Work instructions
The required result is an exact copy of the lines from the one containing "5FNRL5H6XGB029120 - 2016" to the last line of the records, both ends included, without pictures.

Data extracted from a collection
=====
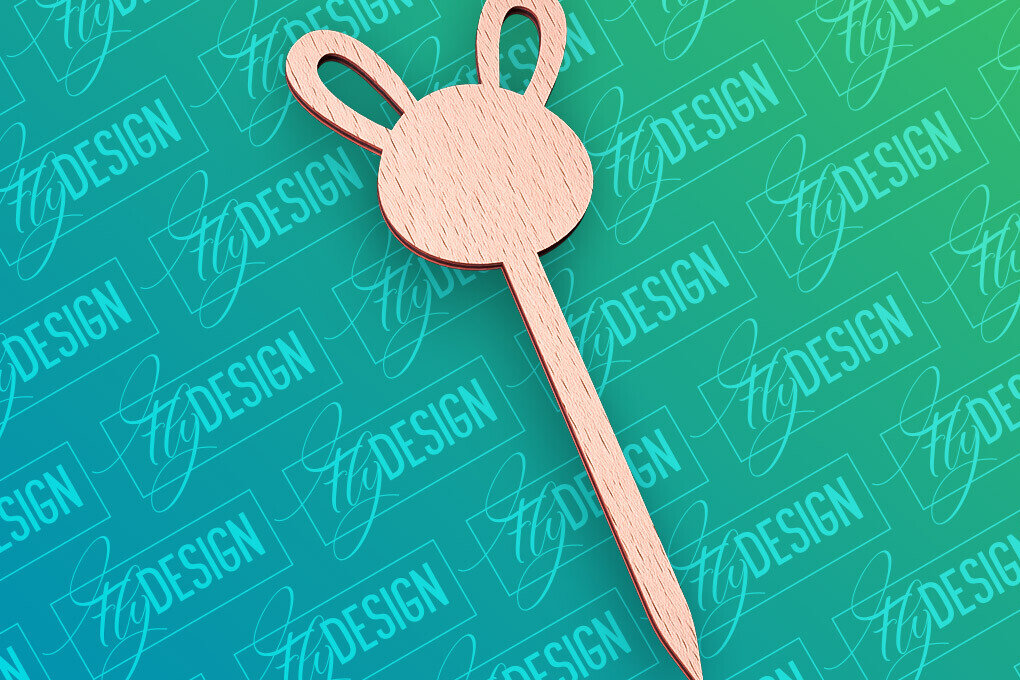 Σετ των 2 Intra απο ξύλο plywood 3mm-4mm πάχος - Πασχαλινό κέικ Topper Laser Cut |  CNC Δίασταση 15x15 cm INTRAFABR-91890039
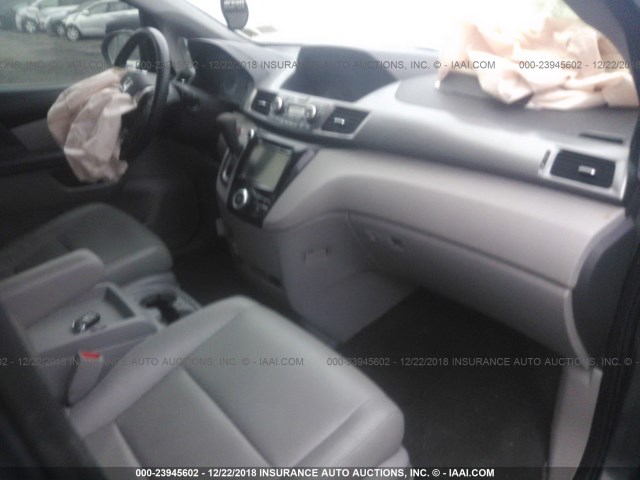 5FNRL5H6XGB029120 - 2016 HONDA ODYSSEY EXL GRAY photo 5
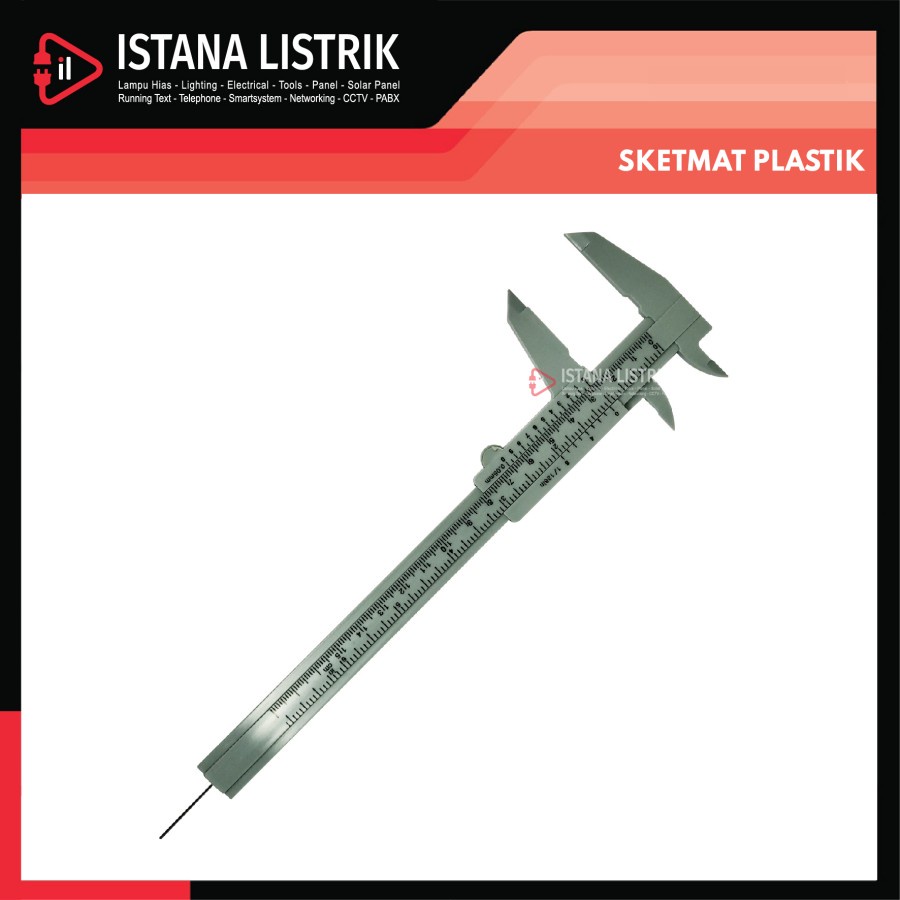 Jangka Sorong/Sketmat/Alat Pengukur Ketebalan/ Sigmat Plastik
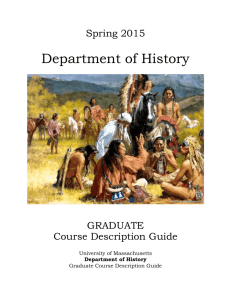 Graduate Course Description Guide
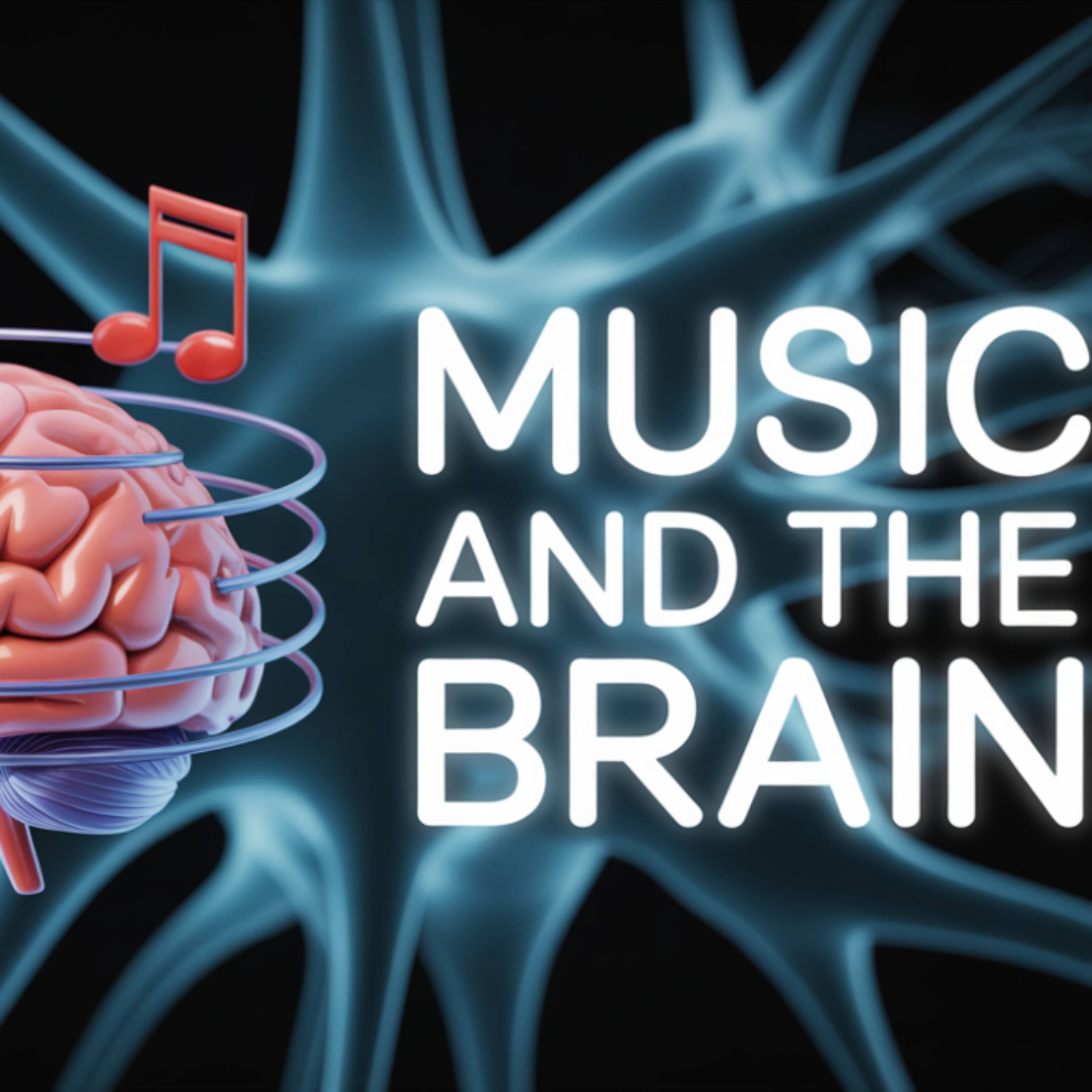 A brian with a star around it with the word Music and the Brian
=====
Answer area
 5FNRL5H6XGB029120 - 2016 HONDA ODYSSEY EXL GRAY photo 5
 Jangka Sorong/Sketmat/Alat Pengukur Ketebalan/ Sigmat Plastik
 Graduate Course Description Guide
 A brian with a star around it with the word Music and the Brian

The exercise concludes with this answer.